A Árvore do Conhecimento
Conceitos
O conhecimento não é uma sequência de aulas — é uma rede. Cada conceito abaixo é um nó dessa rede, com seus pré-requisitos e conexões. Comece por onde a curiosidade mandar.
Fundamentos da vida econômica
- Custo de oportunidade O valor da melhor alternativa abandonada quando se toma uma decisão.
- Demanda Relação entre o preço de um bem e a quantidade que os consumidores estão dispostos e aptos a comprar a cada nível de preço.
- Escassez A condição em que recursos finitos não bastam para desejos ilimitados — o fato que dá origem à economia.
- Escolha Sob escassez, toda decisão significa eleger uma alternativa e abrir mão das demais.
- Incentivos Recompensas e punições que alteram custos e benefícios de uma decisão e, com isso, moldam o comportamento econômico.
- Mercado O encontro, físico ou não, entre quem oferece e quem procura um bem, serviço ou ativo.
- Necessidades e desejos A distinção entre o que é essencial para viver e o que apenas se gostaria de ter, base de todo orçamento.
- Oferta Relação entre o preço de um bem e a quantidade que os vendedores estão dispostos a oferecer a cada nível de preço.
- Preço A quantidade de dinheiro pela qual algo é trocado; sinal que emerge do encontro entre oferta e demanda.
- Recursos limitados Terra, trabalho, capital e tempo existem em quantidade finita — a metade material da escassez, que obriga toda produção a escolher.
- Tempo O recurso que ninguém repõe; fundamento dos juros, do risco e do valor presente.
- Trade-off A troca inevitável entre alternativas: para ganhar algo em uma dimensão, cede-se algo em outra.
- Valor A importância que alguém atribui a um bem; subjetivo, nascido da utilidade percebida e da escassez, distinto do preço.
Dinheiro
- Deflação Queda generalizada e persistente dos preços, geralmente sinal de demanda fraca, capaz de agravar dívidas e desemprego.
- Dinheiro Convenção aceita como pagamento, que cumpre três funções: meio de troca, unidade de conta e reserva de valor.
- Funções do dinheiro As três funções da moeda — meio de troca, unidade de conta e reserva de valor — e a ordem em que falham quando ela se degrada.
- História do dinheiro Do escambo ao Pix, o dinheiro mudou de forma — sal, metal, papel, registro digital —, mas manteve as funções e a confiança que o sustenta.
- Inflação Alta generalizada e persistente dos preços, que corrói o poder de compra da moeda; no Brasil, medida pelo IPCA.
- Juros Preço do dinheiro no tempo: remunera a espera de quem empresta e cobra a antecipação de quem toma emprestado.
- Juros compostos Regime em que os juros de cada período incidem também sobre os juros anteriores, produzindo crescimento exponencial.

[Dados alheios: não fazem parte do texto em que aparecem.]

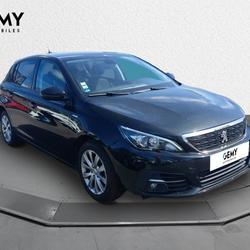 Peugeot 308 II Phase 2 308 BlueHDi 130ch S&S BVM6 Style Laval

- Juros reais O rendimento que resta depois de descontada a inflação; a régua que separa o ganho aparente do ganho de poder de compra.
- Poder de compra Quantidade de bens e serviços que uma soma de dinheiro consegue efetivamente adquirir; a inflação o corrói.

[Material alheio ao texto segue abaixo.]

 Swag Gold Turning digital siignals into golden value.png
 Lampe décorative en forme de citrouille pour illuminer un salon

- Valor futuro Quanto valerá amanhã um dinheiro aplicado hoje a uma taxa de juros; o resultado da capitalização, inverso do valor presente.
- Valor presente Quanto vale hoje uma quantia que só chega no futuro, obtido descontando-a por uma taxa de juros.
Patrimônio
- Alavancagem Uso de recursos de terceiros para ampliar resultados — a alavanca que multiplica ganhos e perdas na mesma proporção.

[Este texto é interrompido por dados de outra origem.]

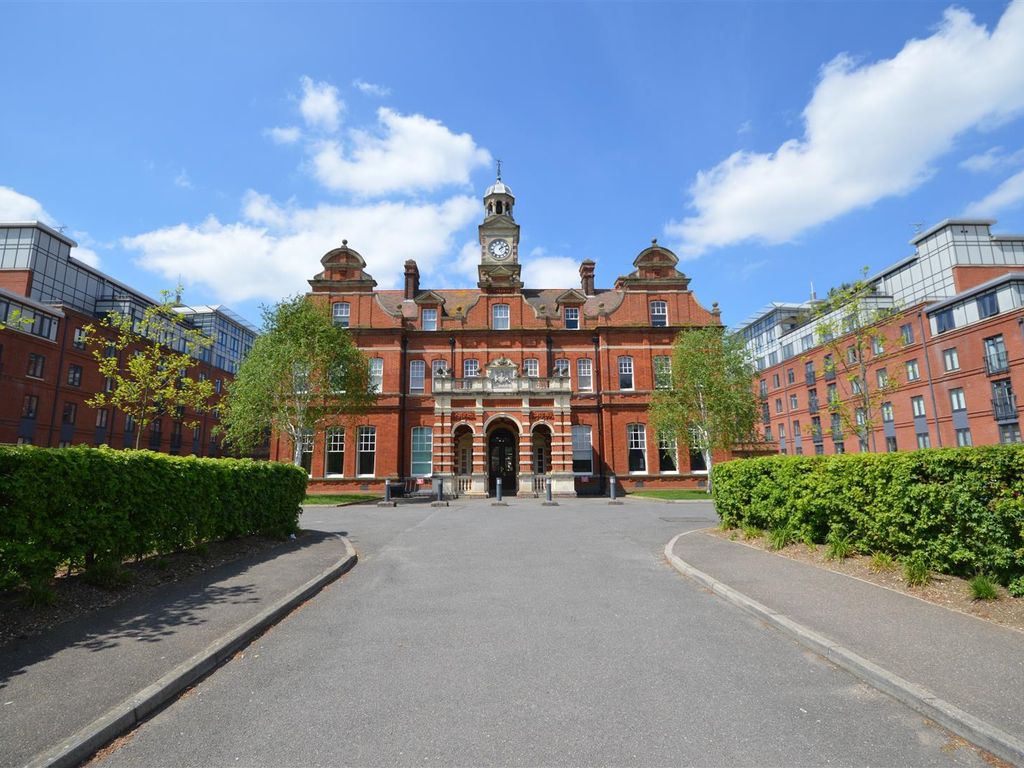 2 bed flat for sale in St. Stephens Road, Norwich NR1, £220,000 Zoopla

- Ativo Bem ou direito capaz de gerar benefício econômico presente ou futuro para quem o possui ou controla.
- Despesa Tudo o que sai do caixa de uma pessoa ou empresa; classifica-se em fixa ou variável conforme acompanhe o nível de atividade.
- Fluxo de caixa Registro das entradas e saídas de dinheiro ao longo do tempo; o filme do dinheiro, enquanto o lucro é a foto.
- Liquidez Rapidez com que um ativo pode ser convertido em dinheiro sem perda relevante de valor.
- Lucro O que resta da receita depois de pagas todas as despesas e custos; mede o resultado de um período, não o movimento.
- Passivo Obrigação presente que consumirá recursos — dívidas, contas e compromissos; a metade do patrimônio que subtrai.
- Patrimônio Conjunto de bens, direitos e obrigações de uma pessoa ou empresa; a riqueza líquida é o que resta após descontar as dívidas.
- Prejuízo O resultado negativo de um período, quando as despesas superam a receita — e o que essa mensagem diz sobre o negócio.
- Receita Total de recursos que uma pessoa ou empresa recebe em um período, antes de descontos, custos e impostos.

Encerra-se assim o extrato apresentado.